==== RECORD EXTRACTS ====
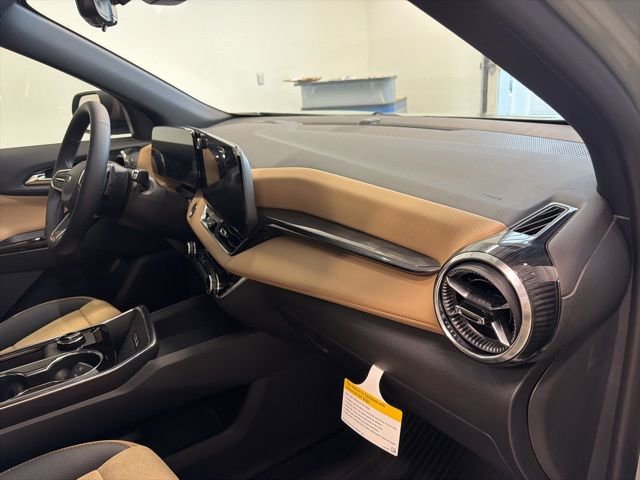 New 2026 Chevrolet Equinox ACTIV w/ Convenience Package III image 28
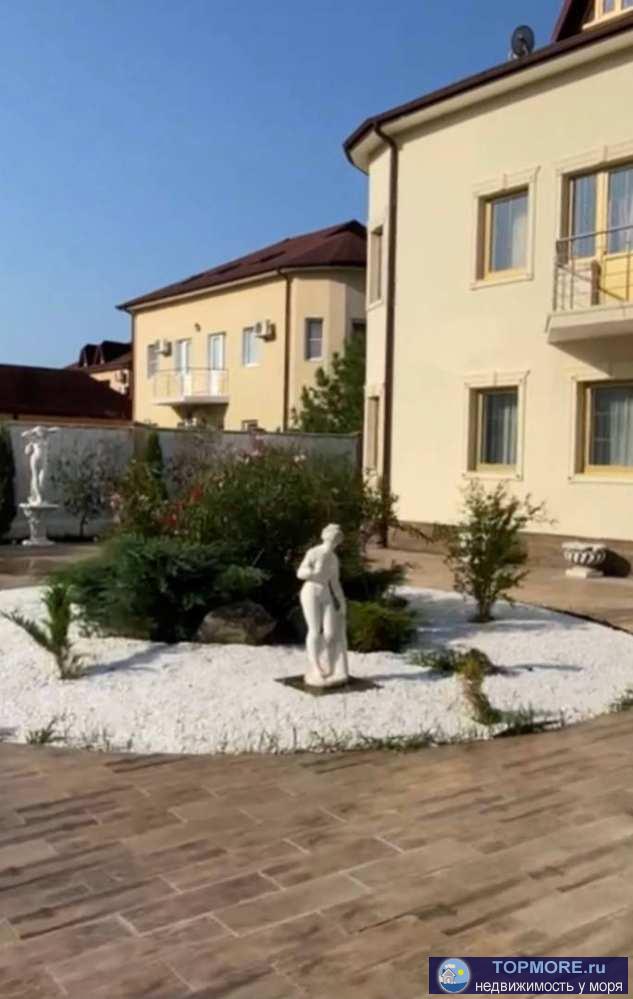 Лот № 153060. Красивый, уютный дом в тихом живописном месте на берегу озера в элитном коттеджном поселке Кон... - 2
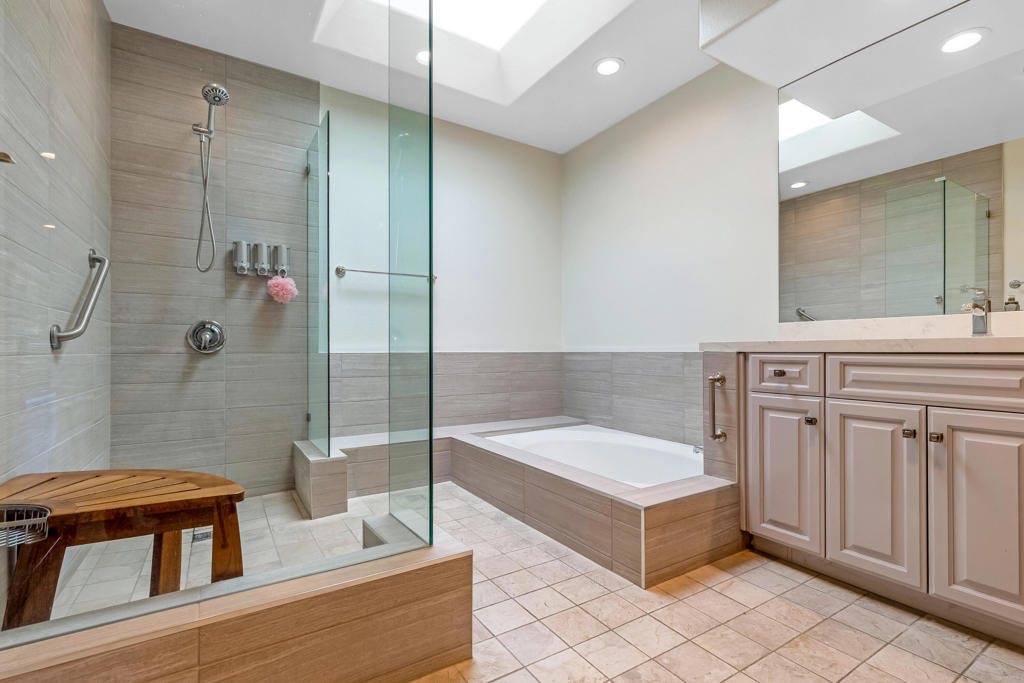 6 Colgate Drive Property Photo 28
====
==== RECORD EXTRACTS ====
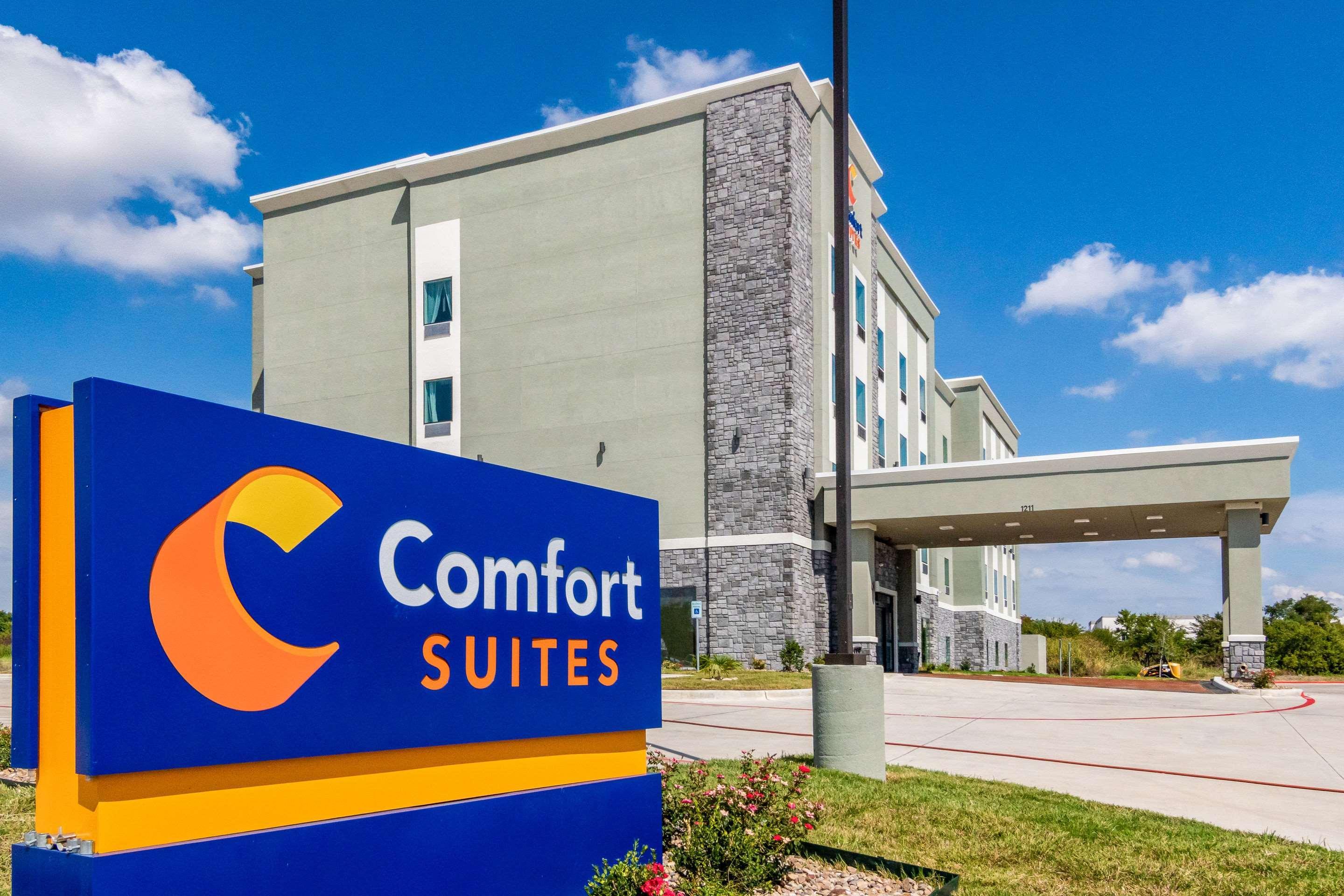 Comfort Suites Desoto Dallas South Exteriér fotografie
====
YOUR INSTRUCTIONS: In the listing above, find the line with "New 2026 Chevrolet" and the line with "6 Colgate Drive Property Photo 28". Output both, plus every line between them, and no pictures.

SOLUTION FOR THIS TASK:
 New 2026 Chevrolet Equinox ACTIV w/ Convenience Package III image 28
 Лот № 153060. Красивый, уютный дом в тихом живописном месте на берегу озера в элитном коттеджном поселке Кон... - 2
 6 Colgate Drive Property Photo 28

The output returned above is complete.